There is a truck driver who whenever he sees a lawyer walking down the street, he always swerves to hit him. One day he sees a priest on the side of the road looking for a ride and so the truck driver picks him up. While they were driving, the driver sees a lawyer, and swerves to hit him. But then he remembered he had a priest in the truck, so he swerved back on the road, but he heard a loud 'thump' anyway. So the driver turns to the
priest and says "Please forgive me." and the priest said, "You
didn't hit the lawyer, but that's OK, I got him with the door."

     Do You Know Me? 

A small town prosecuting attorney called his first witness to the stand in a trial - a grandmotherly, elderly woman. He approached her and asked,
"Mrs. Jones, do you know me?"

She responded, "Why, yes, I do know you Mr. Williams. I've known you since you were a young boy. And frankly, you've been a big disappointment to me. You lie, you cheat on your wife, you manipulate people and talk about them behind their backs. You think you're a rising big shot when you haven't
the brains to realize you never will amount to anything more than a two-bit paper pusher. Yes, I know you."

The lawyer was stunned. Not knowing what else to do he pointed across the room and asked, "Mrs. Williams, do you know the defense attorney?"

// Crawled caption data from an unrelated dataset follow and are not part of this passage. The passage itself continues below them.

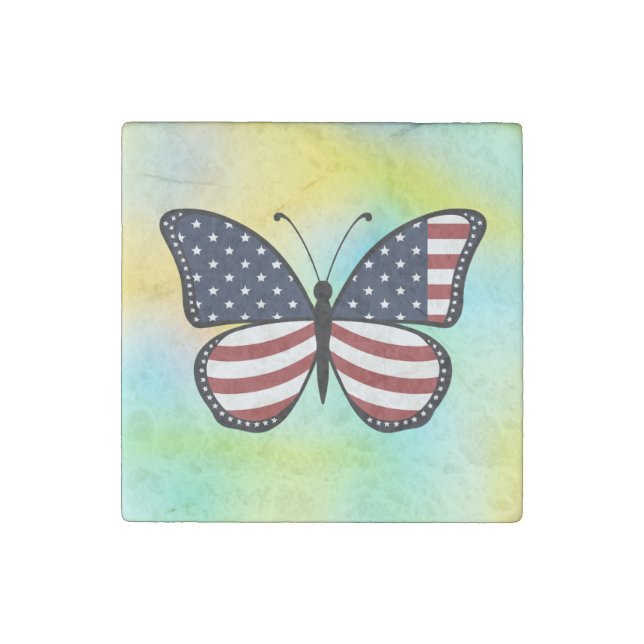 American Flag Butterfly Design-62615 Stone Magnet (Front)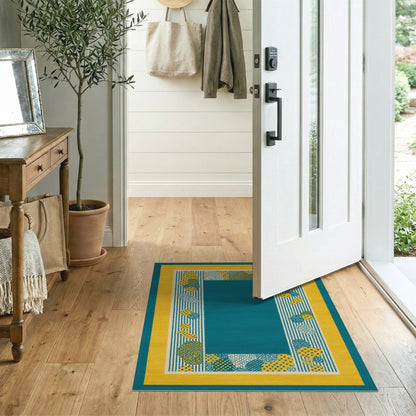 Blue and Teal Geometric Area Rug with Yellow Border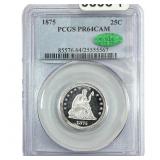 1875 CAC Seated Liberty Quarter PCGS PR64 DCAM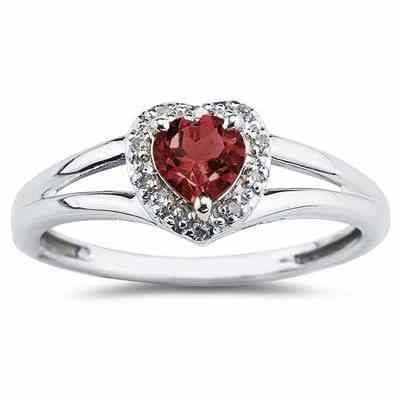 Heart Shaped Garnet and Diamond Ring, 10 Karat White Gold -  - SPR8149GT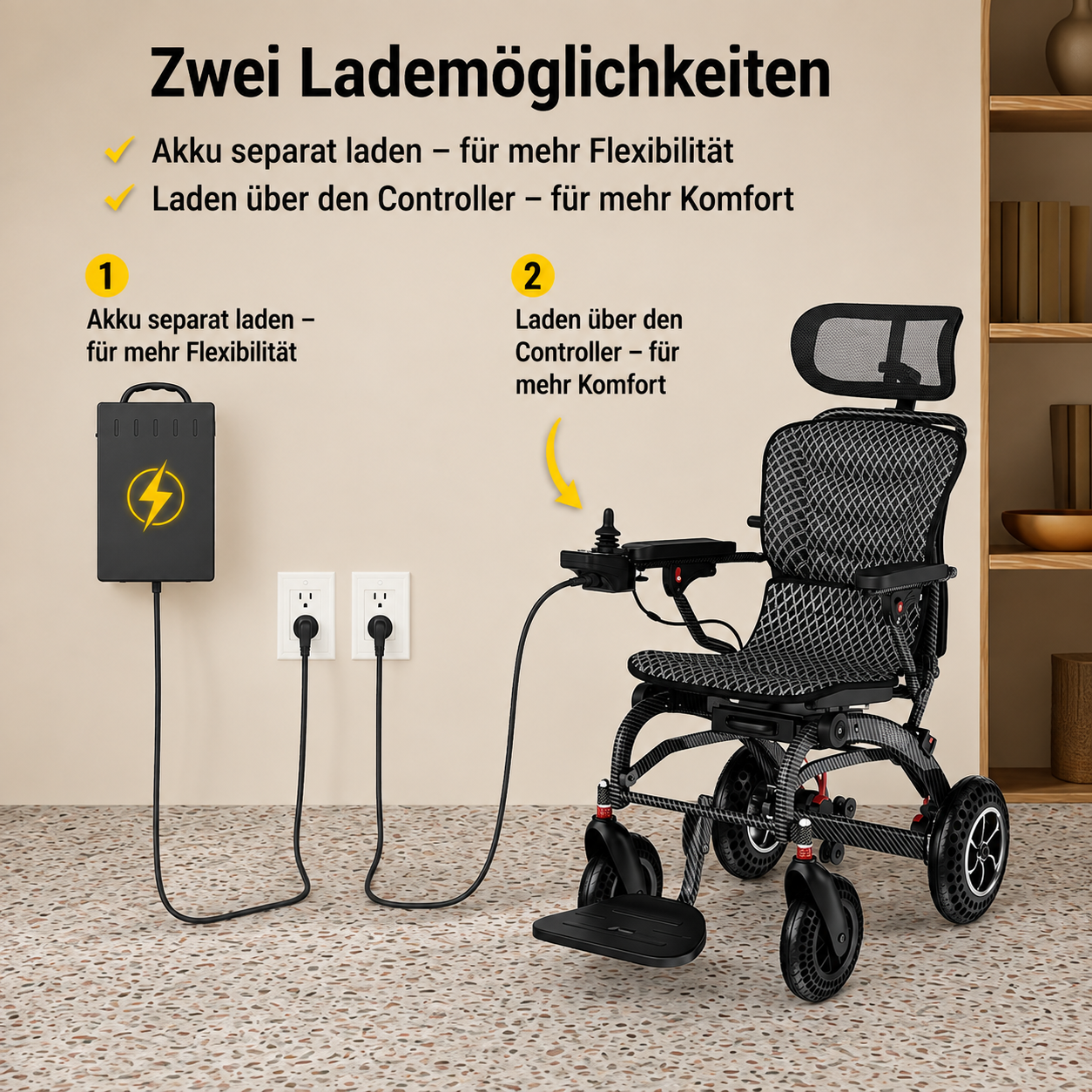 Elektrorollstuhl - Seniorenroller B10 mit Kopfstütze - elektrischer Mobilitätsroller E-Rollstuhl klappbar - Reichweite bis 48 km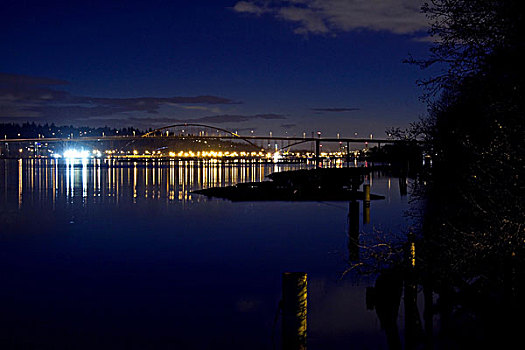 弗雷泽河,桥,反射,清晰,月照,夜晚,港口,加拿大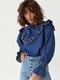 Блуза джинсовая с рюшами | 6307773 | фото 5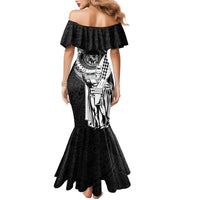 Personalized Hawaii King Kamehameha Family Matching Mermaid Dress and Hawaiian Shirt Flag Polynesian Pattern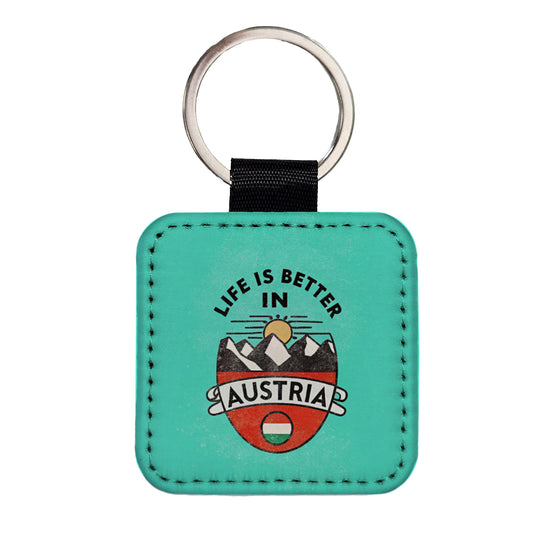 Life Is Better In Austria Square Faux Leather Keychain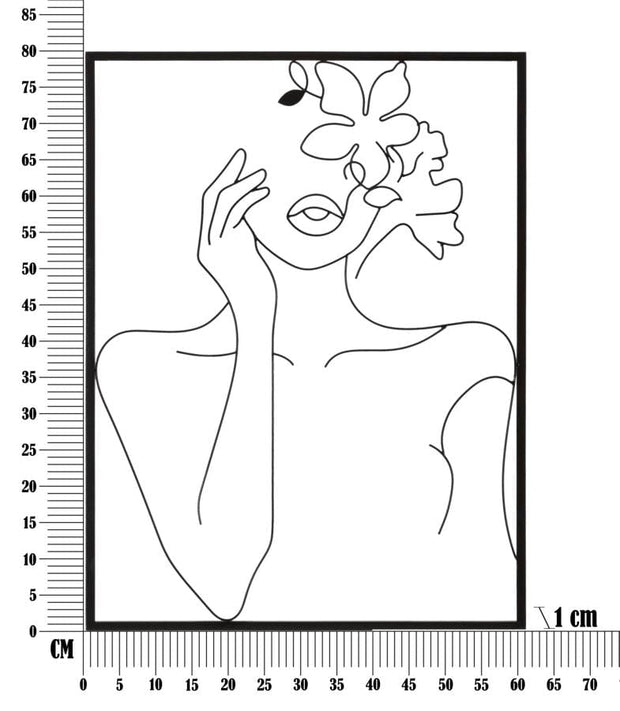 Decoratiune de perete din metal, Woman With Flowers Negru, l60xA1xH80 cm (5)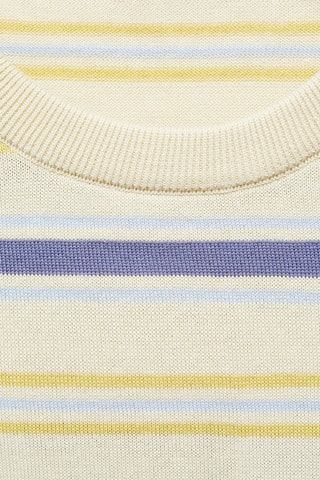 Pull-over rayé col rond - Ecru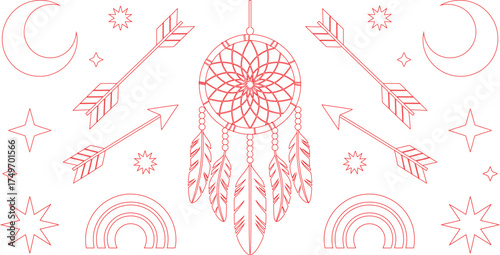 Red Outlined Dream Catcher with Arrows, Moons, Rainbows, and Stars on a White Background
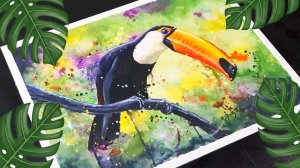 🎨 Релаксирующее рисование акварелью – Тукан на ветке | Спокойный процесс без слов 🖌️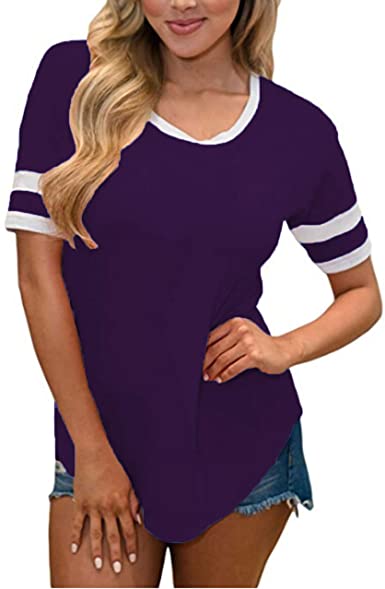 SimpleFun Women Summer Short Sleeve Baseball Tee Shirts Crew Neck Tshirts Loose Casual Blouses Tops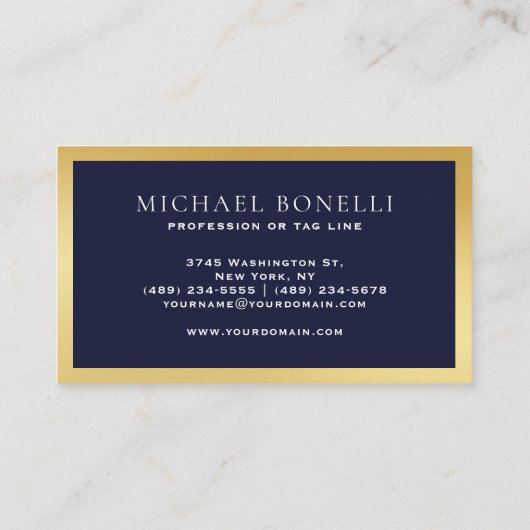 Elegante Navy Blue Leather Gold Label Professional (Achterkant)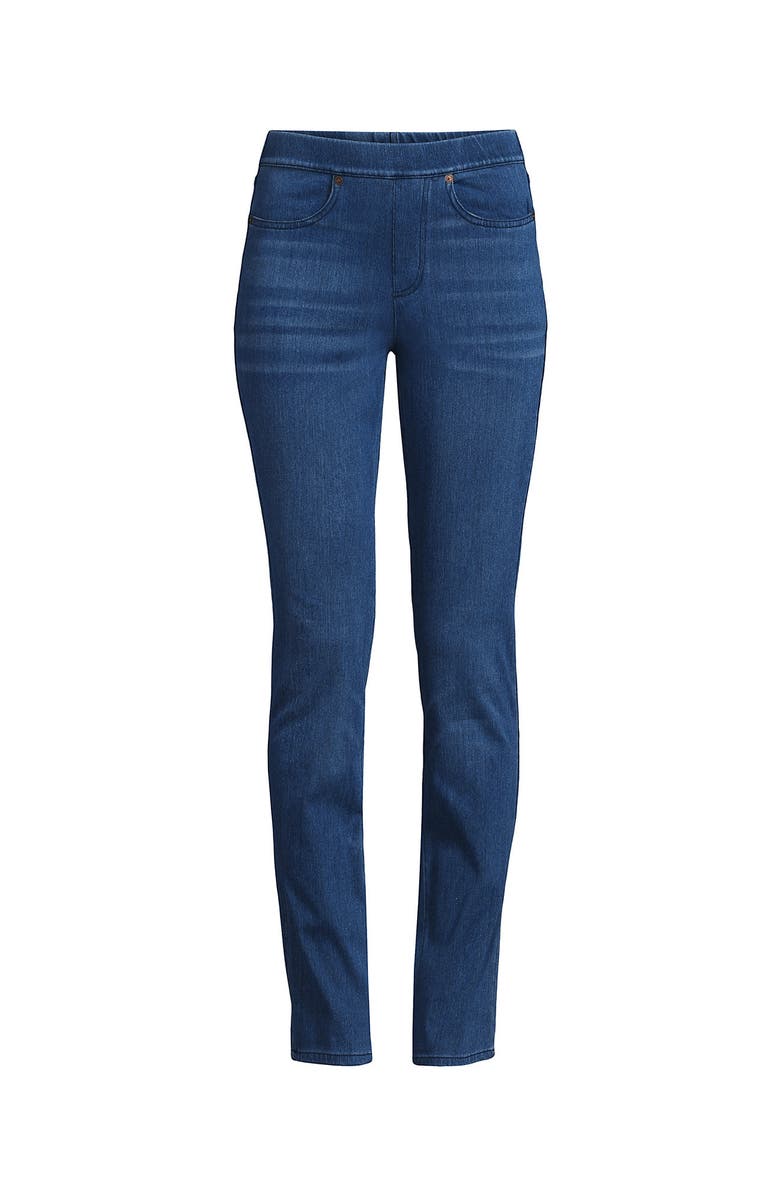 Lands' End Starfish High Rise Knit Denim Straight Jeans, Alternate, color, Medium Sea Blue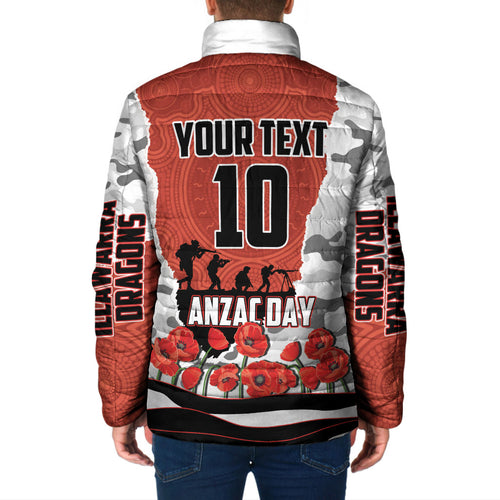 Personalized Dragons ANZAC Tribute Padded Jacket Poppy Field Soldier Silhouette Aboriginal Rugby Mascot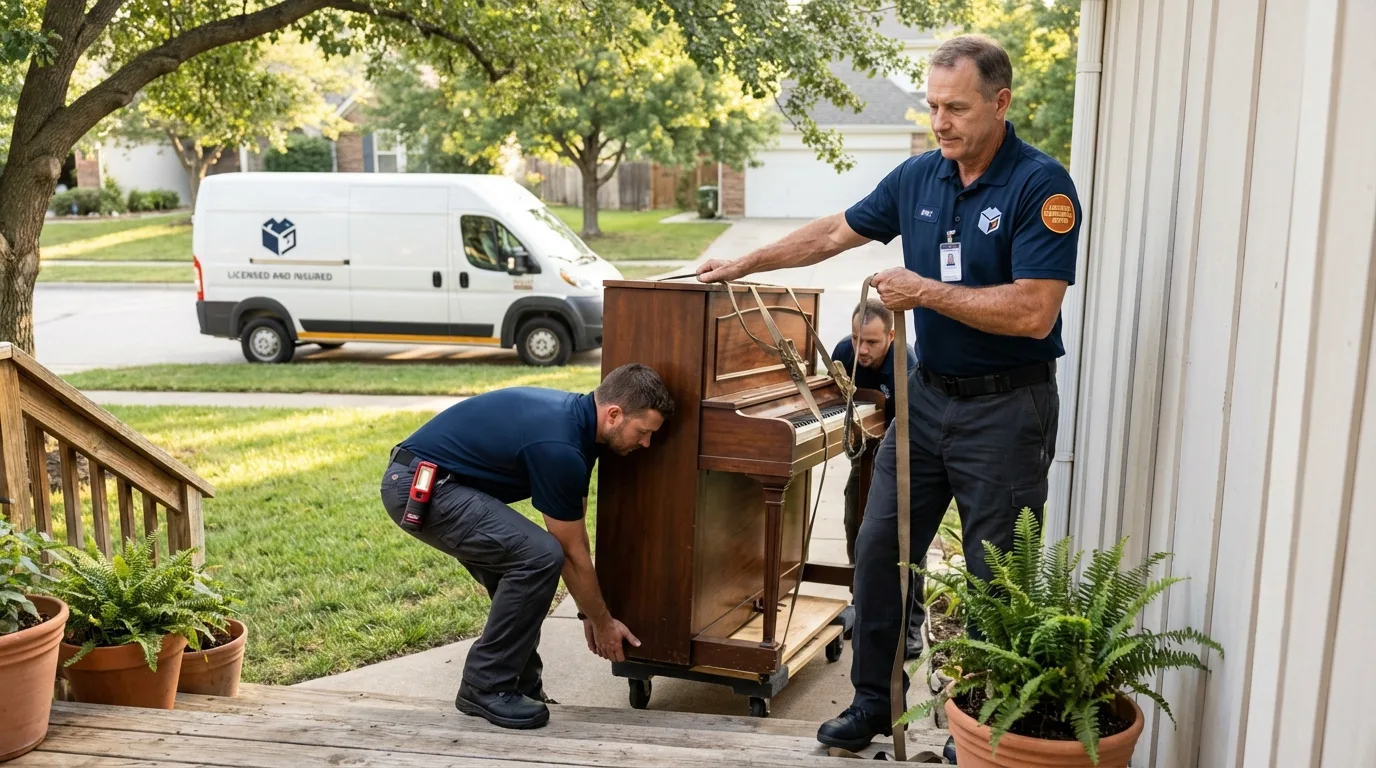 Licensed piano movers securing grand piano in Carriere, MS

She again replied, "Why, yes I do. I've known Mr. Bradley since he was a youngster, too. I used to baby-sit him for his parents. And he, too, has
been a real disappointment to me. He's lazy, bigoted, he has a drinking  problem. The man can't build a normal relationship with anyone and his law practice is one of the shoddiest in the entire state. Yes, I know him."

At this point, the judge rapped the courtroom to silence and called both counselors to the bench. In a very quiet voice, he said with menace, "If
either of you asks her if she knows me, you'll be in jail for contempt within 5 minutes!" 
(BWAAAHAHAHA - Menstralii)


     Hindu, Jew and Attorney Traveling

There is a Hindu man, a Jewish man, and an attorney traveling in a car down a back road when, all of a sudden, their car stops running. They walk down the road looking for help.

Finally, they come upon a farmhouse. By now it is pretty late so they ask the farmer if they can spend the night. He says sure,
but one of them will have to sleep in the barn. The Hindu man said he can sleep in the barn, and that it is not a problem.
Everybody goes to sleep.

Pretty soon they are awakened by a pounding on the door. It is the Hindu man. He says, "I am sorry, but I can't sleep in the barn because there are cows out there."

So the Jewish man stands up and says he can sleep in the barn, and that it is not a problem. Everybody goes back to sleep.

Once again they were awakened with pounding on the door. It's the Jewish man. He says, "I am sorry, but I can't sleep in the
barn because there are also pigs out there."

So the attorney says he'll sleep in the barn and they all go
back to sleep.

Again, there is heavy pounding on the door and when the farmer opens the door he sees the cows and the pigs.